Valentine's Day is a big money maker in North America. Card companies, restaurants and hotels, the list goes on. Why not a day dedicated to celebrating single people? Oh, wait a minute, if people aren't made to feel inadequate about their personal situations, you can't make money off them. After all, if they're satisfied, they don't need much, and importantly, they don't buy much. Valentine's Day as currently practiced is part of a larger tactic of advertisers looking for ways to make people feel inadequate. Why do we buy into this and allow ourselves to be manipulated?

Sunday, February 05, 2006

Bright Lights, Big City

As the days grow longer, Brandon City Council is about to examine an idea that could make Brandon a little darker. Council is looking at preparing a bylaw that would not allow beacons such as the one at the Canad Inns to shine after 11 P.M., citing complaints from city residents. For some people, as seen by the submissions to the opinion page of the Brandon Sun in the past 2 weeks, the beacon really isn't a big thing to be concerned about.

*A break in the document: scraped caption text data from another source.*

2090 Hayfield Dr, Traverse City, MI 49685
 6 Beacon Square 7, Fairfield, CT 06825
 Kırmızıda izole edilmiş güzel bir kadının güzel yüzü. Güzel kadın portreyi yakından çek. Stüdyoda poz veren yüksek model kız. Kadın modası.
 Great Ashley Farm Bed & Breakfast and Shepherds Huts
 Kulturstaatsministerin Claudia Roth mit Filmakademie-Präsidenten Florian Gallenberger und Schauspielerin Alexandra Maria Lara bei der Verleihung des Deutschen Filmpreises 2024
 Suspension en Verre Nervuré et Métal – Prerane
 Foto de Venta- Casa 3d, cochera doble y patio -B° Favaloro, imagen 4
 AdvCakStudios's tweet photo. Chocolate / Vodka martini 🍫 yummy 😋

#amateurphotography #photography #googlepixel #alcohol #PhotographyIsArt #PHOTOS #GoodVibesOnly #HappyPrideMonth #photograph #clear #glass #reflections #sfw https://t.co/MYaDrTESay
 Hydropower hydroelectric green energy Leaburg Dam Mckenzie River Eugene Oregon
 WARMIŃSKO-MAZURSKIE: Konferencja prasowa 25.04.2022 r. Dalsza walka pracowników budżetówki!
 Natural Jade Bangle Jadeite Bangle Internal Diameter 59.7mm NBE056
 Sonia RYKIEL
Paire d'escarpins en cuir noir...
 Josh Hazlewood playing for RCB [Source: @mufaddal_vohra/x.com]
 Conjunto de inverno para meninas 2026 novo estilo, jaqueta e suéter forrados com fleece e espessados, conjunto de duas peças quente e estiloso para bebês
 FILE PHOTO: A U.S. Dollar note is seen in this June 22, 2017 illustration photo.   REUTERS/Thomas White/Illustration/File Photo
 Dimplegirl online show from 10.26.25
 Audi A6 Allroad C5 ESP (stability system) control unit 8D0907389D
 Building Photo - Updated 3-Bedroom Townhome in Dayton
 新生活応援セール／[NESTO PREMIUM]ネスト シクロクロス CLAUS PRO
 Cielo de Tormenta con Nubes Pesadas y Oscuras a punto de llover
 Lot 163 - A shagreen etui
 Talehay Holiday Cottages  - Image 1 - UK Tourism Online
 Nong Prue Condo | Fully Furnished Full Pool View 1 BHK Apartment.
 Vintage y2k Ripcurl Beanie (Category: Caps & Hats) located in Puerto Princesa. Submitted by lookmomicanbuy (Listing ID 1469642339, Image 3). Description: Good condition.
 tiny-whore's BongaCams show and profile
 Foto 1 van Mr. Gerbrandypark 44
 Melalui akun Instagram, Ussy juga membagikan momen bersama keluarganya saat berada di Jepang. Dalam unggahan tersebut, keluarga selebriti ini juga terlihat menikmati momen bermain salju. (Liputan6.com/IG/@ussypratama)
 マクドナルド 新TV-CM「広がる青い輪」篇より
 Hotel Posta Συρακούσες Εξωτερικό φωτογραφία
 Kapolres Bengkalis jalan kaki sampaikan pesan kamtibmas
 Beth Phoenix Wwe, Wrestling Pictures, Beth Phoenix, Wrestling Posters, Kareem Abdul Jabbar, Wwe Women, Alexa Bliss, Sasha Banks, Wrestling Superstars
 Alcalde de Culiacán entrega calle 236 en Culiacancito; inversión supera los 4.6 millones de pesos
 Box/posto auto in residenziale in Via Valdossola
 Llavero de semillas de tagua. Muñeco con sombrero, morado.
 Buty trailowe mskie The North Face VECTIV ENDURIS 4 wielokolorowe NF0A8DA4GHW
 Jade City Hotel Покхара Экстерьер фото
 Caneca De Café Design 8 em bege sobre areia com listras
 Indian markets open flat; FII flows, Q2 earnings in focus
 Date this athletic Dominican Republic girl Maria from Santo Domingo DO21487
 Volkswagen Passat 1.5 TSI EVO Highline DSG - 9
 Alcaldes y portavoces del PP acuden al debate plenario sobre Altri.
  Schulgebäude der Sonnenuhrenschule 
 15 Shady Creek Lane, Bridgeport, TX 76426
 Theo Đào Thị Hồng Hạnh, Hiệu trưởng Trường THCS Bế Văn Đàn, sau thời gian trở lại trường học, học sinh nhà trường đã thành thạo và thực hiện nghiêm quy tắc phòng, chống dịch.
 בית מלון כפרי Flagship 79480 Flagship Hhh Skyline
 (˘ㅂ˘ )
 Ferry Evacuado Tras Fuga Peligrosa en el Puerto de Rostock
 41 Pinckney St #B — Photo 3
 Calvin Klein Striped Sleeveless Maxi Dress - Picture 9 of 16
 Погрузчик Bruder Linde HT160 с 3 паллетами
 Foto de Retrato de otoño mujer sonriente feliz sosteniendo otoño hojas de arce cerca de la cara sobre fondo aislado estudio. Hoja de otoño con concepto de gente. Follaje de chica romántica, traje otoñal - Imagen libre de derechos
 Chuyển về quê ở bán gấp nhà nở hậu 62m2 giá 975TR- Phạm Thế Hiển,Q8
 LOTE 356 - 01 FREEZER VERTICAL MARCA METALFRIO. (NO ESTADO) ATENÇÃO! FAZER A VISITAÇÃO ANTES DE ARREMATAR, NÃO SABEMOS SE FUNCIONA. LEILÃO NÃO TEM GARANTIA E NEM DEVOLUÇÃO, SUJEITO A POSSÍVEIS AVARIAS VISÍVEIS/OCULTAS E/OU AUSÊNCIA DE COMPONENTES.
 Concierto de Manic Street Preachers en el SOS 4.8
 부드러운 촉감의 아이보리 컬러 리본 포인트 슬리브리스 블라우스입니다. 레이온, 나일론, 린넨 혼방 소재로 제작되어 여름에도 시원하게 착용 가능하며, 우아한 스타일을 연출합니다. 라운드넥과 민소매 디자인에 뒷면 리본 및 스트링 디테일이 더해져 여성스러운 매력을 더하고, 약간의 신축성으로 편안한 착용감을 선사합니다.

One response, however, bothered me. Someone wrote to the paper saying, "Progress, hopefully, has hit Brandon. Let’s start growing with it and keep our sights on important things." The "progress" mantra is something I have difficulty with. Throughout history the argument of "progress" was used to dismiss any discussion of the consequences of our activities, such as the dismissal of the consequences in the areas where hydroelectric dams were built. I'm not saying that "progress" is inherently bad, but in each instance we should take a good look at what the costs will be, and then decide whether those costs are worth it.

Does the beacon at Canad Inns come without a cost? No. Light pollution is a major issue throughout the world. And as problematic as it is already, most street lighting, unlike the beacon, is aimed towards the ground and serves a practical purpose for people in the city. Researchers have documented impacts on ecosystems. It consumes a large amount of electricity that could be better used for other purposes. It also spoils a major attraction of the Prairie region. One thing people love about the Prairies is being able to look up on a clear night and see the stars. Urban lighting interferes with this. And it's not as if Brandon would be the first place to pass such a law. As one of the councillors in favour of this bylaw pointed out, other municipalities of differing sizes have bylaws on the books dealing with exterior lighting. Although I personally would prefer to keep the skies dark at night, turning out the lights at 11 is a compromise I can live with, so it's not like the the hotel can't shine its beacon at all. I don't think it's too much to ask to either address the problem or, if possible, to prevent it from happening.